[Given data]
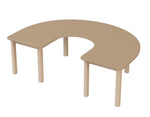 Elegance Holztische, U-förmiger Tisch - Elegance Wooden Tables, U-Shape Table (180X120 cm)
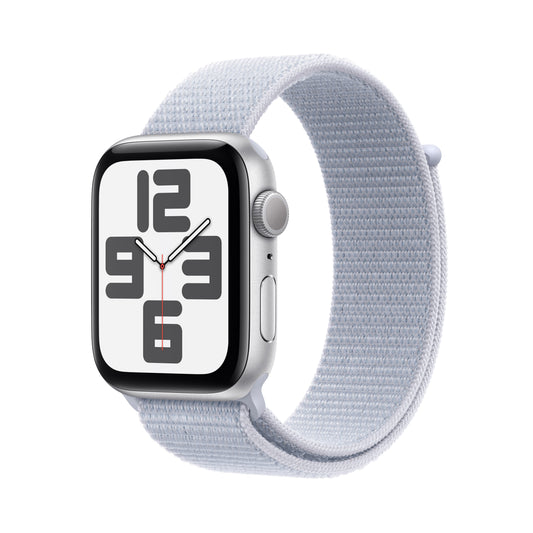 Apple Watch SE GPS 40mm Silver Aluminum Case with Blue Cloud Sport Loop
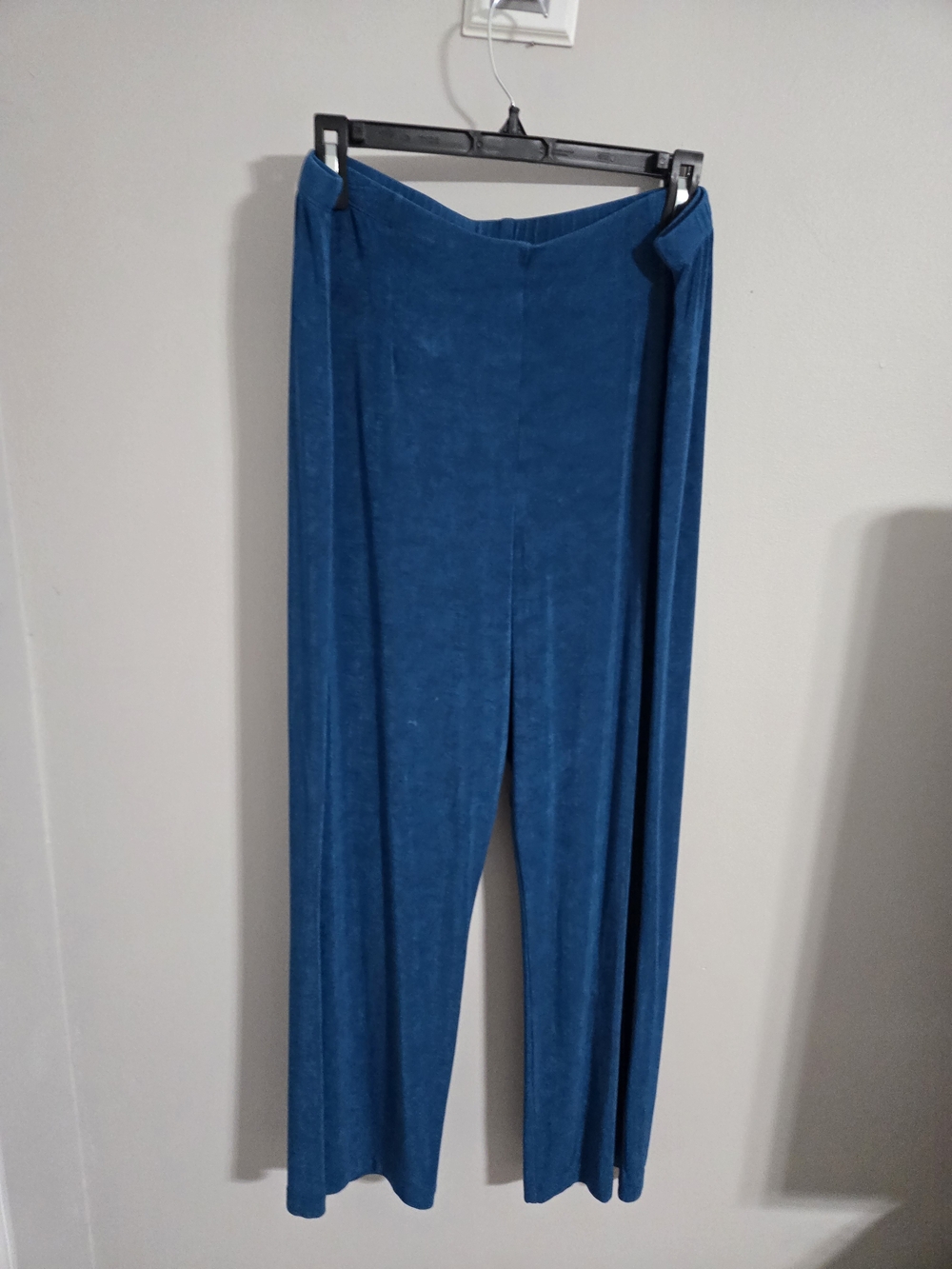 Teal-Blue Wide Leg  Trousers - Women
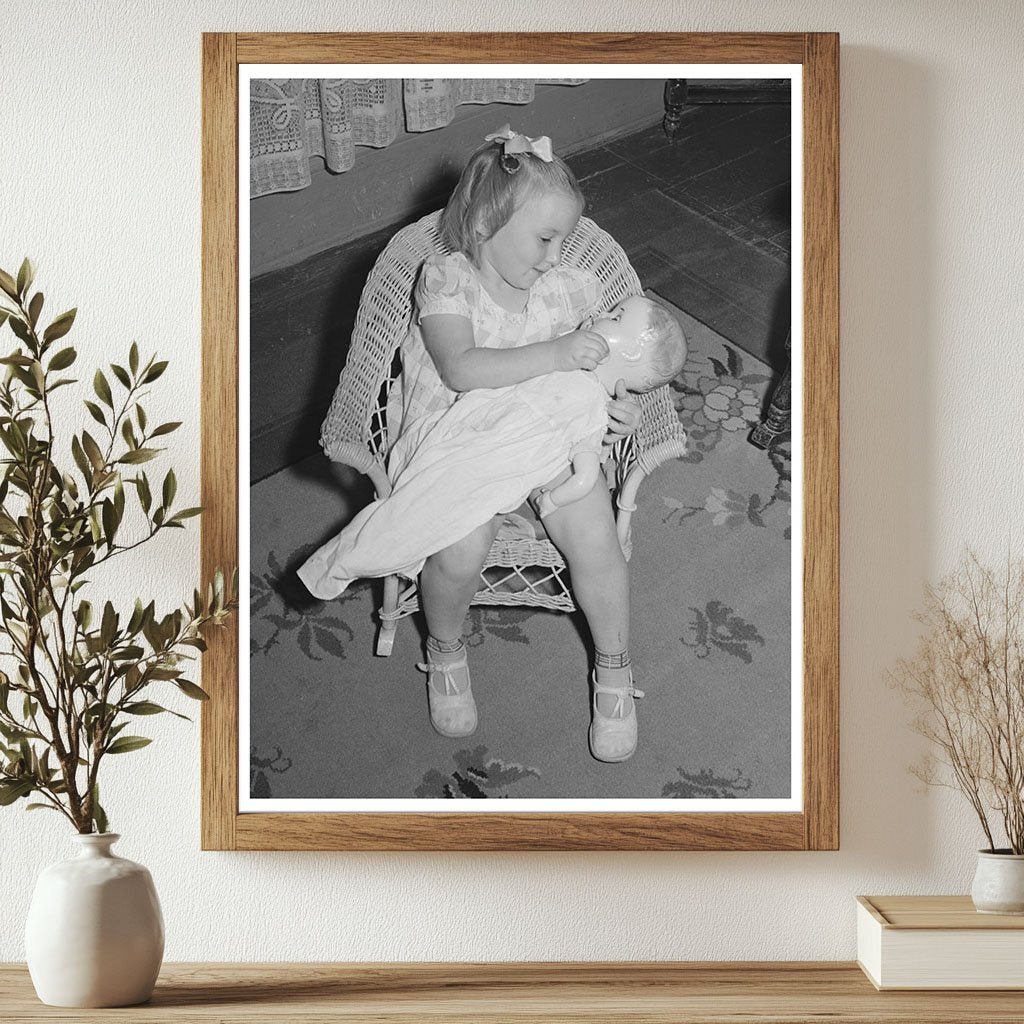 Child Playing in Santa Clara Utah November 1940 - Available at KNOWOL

[Problem details]
Going from the line holding "Teal-Blue Wide Leg" to the last line of the data above, reproduce every line exactly, both included, with the pictures omitted.

[Written answer]
 Teal-Blue Wide Leg  Trousers - Women
 Child Playing in Santa Clara Utah November 1940 - Available at KNOWOL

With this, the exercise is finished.